Per il governatore Zaia l'approvazione della carta fondamentale è un fatto che va a regolamentare la vita di tutte le istituzioni venete. Il presende ha voluto ringraziare tutto il consiglio regionale per l'obiettivo raggiunto

Venezia - “L’approvazione dello Statuto del Veneto, cioè della carta fondamentale che regolamenta la vita di tutte le istituzioni del nostro territorio e i diritti e i doveri di ciascuno di noi, è un avvenimento storico per il Veneto". Lo ha detto il Presidente della Giunta regionale del Veneto Luca Zaia, intervenendo oggi in Consiglio regionale a proposito dell’approvazione dello Statuto del Veneto. “Voglio con forza, con convincimento profondo e con riconoscimento di ruoli e di valori anche personali – ha detto il Presidente –, ringraziare a uno a uno i consiglieri regionali che hanno consentito questa svolta epocale, i consiglieri che hanno partecipato ai lavori della Commissione, il presidente Carlo Alberto Tesserin, che con capacità, pazienza e grande senso delle istituzioni ha permesso il libero svolgersi del dibattito e ha saputo cucire tra di loro posizioni comprensibilmente diverse. Prezioso il contributo del relatore di minoranza, il consigliere Emilio Reolon, la cui capacità di interpretazione e, qualche volta, di mediazione è stata pari all’acume giuridico che tutti i gruppi gli hanno riconosciuto. Ancora un ringraziamento lo si deve al Presidente del Consiglio regionale Clodovaldo Ruffato perché, dopo un’attesa di 40 anni e dopo alcuni tentativi non andati a buon fine, ha saputo con coraggio lavorare per una soluzione capace di coinvolgere tutto il Consiglio e ciascun consigliere.”
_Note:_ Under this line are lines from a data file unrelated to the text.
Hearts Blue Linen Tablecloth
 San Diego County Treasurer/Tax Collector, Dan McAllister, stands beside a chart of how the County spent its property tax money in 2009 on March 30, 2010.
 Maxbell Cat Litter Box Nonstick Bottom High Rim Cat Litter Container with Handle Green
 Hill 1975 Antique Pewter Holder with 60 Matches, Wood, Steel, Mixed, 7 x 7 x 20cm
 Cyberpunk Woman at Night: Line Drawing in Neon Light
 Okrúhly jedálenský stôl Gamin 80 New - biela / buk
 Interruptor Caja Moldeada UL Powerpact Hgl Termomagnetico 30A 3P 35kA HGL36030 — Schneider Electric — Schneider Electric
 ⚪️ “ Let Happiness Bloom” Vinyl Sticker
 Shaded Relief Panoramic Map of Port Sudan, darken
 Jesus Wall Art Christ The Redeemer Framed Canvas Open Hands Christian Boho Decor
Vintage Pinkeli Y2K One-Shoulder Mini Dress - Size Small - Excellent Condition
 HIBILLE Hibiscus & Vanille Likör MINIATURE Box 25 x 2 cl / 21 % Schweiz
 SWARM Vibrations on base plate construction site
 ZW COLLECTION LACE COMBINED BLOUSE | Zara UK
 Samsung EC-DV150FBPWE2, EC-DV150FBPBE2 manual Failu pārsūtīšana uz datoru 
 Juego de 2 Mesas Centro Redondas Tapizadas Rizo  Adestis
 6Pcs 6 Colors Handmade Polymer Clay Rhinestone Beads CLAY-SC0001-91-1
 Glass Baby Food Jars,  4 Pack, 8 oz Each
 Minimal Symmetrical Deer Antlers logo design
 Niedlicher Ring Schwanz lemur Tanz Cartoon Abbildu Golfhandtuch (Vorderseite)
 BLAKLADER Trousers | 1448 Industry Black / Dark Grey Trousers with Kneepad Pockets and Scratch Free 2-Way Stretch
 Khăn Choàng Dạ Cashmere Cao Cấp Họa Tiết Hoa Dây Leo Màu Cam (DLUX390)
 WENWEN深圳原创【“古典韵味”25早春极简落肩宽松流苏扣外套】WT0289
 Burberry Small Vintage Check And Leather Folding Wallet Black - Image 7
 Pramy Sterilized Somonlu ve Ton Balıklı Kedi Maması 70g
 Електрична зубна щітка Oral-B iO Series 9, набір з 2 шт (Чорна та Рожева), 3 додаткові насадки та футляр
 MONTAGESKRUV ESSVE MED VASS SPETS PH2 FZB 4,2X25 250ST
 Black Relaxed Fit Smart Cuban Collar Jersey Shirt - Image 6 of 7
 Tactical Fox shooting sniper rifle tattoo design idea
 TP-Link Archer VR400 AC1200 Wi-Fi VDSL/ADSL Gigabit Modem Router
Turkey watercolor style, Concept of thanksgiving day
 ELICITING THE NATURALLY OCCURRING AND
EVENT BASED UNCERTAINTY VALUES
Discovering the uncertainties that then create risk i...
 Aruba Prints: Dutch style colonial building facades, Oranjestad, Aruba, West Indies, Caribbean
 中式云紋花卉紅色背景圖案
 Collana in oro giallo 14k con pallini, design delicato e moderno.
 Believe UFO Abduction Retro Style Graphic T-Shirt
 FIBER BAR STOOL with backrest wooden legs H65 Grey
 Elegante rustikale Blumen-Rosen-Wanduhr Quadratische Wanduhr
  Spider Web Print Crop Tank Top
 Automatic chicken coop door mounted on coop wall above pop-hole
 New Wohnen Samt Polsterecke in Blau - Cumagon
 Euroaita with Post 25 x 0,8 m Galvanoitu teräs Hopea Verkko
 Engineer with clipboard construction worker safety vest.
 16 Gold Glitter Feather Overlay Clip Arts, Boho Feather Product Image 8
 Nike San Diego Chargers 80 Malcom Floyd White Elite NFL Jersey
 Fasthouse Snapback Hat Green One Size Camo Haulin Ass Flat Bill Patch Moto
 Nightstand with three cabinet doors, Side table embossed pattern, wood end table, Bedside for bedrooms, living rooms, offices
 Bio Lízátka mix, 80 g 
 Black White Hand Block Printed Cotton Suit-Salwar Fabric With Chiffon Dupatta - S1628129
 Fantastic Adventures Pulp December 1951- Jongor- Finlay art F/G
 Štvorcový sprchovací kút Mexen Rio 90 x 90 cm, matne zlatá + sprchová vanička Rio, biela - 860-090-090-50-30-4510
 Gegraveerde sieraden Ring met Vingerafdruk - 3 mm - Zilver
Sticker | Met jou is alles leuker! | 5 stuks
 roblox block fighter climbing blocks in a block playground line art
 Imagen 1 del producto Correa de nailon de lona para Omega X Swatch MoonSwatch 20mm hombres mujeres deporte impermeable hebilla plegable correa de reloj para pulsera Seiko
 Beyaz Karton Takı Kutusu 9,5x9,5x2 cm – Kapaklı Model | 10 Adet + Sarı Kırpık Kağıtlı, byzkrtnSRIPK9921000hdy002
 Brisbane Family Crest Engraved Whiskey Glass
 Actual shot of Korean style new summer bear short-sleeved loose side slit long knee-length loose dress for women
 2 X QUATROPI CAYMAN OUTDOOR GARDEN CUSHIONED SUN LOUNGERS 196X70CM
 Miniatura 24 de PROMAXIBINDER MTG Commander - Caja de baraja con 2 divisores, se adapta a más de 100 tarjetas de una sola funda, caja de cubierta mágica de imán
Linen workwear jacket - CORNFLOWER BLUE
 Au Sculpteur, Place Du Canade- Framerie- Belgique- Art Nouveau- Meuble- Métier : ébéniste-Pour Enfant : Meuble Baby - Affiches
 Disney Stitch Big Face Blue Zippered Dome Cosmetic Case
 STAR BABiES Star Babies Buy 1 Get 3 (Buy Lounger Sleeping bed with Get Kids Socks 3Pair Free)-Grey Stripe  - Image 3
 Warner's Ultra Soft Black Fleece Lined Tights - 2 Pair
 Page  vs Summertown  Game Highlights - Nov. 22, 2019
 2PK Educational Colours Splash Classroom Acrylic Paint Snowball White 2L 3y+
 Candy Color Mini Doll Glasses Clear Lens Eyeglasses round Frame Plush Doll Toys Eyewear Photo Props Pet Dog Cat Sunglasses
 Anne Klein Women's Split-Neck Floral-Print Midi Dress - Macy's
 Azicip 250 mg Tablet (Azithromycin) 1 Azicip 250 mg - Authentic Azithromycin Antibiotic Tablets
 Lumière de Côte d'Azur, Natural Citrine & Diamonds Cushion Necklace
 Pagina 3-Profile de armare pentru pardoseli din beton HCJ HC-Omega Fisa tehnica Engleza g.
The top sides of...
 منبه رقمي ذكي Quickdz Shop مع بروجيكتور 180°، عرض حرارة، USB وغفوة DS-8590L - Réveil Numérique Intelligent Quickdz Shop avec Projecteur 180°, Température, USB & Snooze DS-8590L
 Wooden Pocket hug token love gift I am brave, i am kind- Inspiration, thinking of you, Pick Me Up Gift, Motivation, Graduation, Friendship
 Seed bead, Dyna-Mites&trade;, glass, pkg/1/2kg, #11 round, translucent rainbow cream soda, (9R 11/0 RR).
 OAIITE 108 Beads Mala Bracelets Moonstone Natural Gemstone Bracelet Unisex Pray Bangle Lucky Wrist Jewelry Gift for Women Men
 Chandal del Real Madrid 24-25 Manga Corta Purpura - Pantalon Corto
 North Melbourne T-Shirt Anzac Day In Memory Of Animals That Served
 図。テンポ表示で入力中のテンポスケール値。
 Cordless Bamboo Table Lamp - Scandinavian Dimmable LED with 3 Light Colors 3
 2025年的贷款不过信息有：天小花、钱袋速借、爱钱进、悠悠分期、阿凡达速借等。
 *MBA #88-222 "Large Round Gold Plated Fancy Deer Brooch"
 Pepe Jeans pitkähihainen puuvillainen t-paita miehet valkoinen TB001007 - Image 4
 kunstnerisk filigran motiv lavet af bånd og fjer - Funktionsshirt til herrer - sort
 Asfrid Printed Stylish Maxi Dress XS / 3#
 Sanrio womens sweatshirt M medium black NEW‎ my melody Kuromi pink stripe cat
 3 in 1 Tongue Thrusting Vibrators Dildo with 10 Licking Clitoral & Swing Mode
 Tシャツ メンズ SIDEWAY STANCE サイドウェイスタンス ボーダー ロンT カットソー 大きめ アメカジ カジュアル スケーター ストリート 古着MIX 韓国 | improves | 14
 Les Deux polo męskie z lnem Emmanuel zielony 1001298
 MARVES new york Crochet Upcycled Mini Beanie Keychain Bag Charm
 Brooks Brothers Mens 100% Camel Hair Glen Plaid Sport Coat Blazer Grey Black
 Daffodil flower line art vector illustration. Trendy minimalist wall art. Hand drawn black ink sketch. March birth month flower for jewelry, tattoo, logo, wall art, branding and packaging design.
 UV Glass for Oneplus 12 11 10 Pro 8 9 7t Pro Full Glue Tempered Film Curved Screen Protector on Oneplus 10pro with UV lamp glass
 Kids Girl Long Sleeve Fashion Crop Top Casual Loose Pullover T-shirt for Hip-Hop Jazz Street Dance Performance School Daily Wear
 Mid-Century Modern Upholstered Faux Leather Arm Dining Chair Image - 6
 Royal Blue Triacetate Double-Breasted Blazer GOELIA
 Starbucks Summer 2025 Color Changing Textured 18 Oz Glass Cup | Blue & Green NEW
Zaia ha anche riconosciuto il ruolo delle opposizioni che hanno dato una mano ai lavori consiliari per il nuovo Statuto. “Voglio sottolineare il ruolo svolto da tutte le opposizioni, che, pure con accenti diversi, hanno lavorato a un comune obiettivo: rendere migliore la nostra regione, rendere più moderne le nostre istituzioni, riaffermare la centralità e la priorità che i nostri concittadini hanno e devono continuare ad avere rispetto alla vita pubblica e alle proprie capacità individuali. Non hanno prevalso alcune opzioni su altre. Non ha vinto uno schieramento su un altro: oggi e qui vince il Veneto.” “Voglio poi ricordare il lavoro, davvero straordinario – ha affermato ancora Zaia –, dei gruppi di maggioranza e dei capigruppo, che si sono spesi fino all’esaurimento delle proprie forze per un obiettivo che ci eravamo dati e che avevamo definito ‘la madre di tutte le battaglie’. Questo Consiglio oggi ha vinto la sua battaglia più importante in ordine alla propria credibilità, alla propria capacità di interpretare il contratto sociale, alla propria legittimazione davanti al corpo elettorale.”